I saw stanmores post - that what was got me wondering about wether or not we should be cancelling things.

Waiting on my vet calling me back


----------



## Tiddlypom (13 February 2019)

Ambers Echo said:



			So if people are going to worry about flu, they should logically focus their concern on the low vaccination rates and not on covered horses out and about.
		
Click to expand...

As more information emerges, then folk can probably relax a bit if their horses are indeed correctly vaccinated with a recent booster, as all mine are. I stand 100% behind my stand that,* in the early days,* post the McCain yard + ve result in the vaccinated horses, it was unwise to carry on competing, hunting etc as normal. Just a week's hold would have been minimal inconvenience.

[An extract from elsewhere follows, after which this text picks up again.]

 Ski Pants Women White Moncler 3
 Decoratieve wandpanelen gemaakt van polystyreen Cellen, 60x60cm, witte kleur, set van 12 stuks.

ETA And, of course, there is no requirement for hunters to be vaccinated.


----------



## AnShanDan (13 February 2019)

The horse that has tested positive has come from Ireland, it came through a dealers yard then to Giorgia's last week. Other horses will have left that yard too, gone goodness knows where. We have members who will be on yards all over west central belt.  We hold rallies at a big livery yard with horses coming and going all the time. So, on veterinary advice, we have cancelled our PC rallies for short term. Common sense.

According to AHT reported cases of flu were at a very low level up to Sept. 2018, now they are not, so clearly there is an issue somewhere.


----------



## catkin (13 February 2019)

Tiddlypom said:



			As more information emerges, then folk can probably relax a bit if their horses are indeed correctly vaccinated with a recent booster, as all mine are. I stand 100% behind my stand that,* in the early days,* post the McCain yard + ve result in the vaccinated horses, it was unwise to carry on competing, hunting etc as normal. Just a week's hold would have been minimal inconvenience.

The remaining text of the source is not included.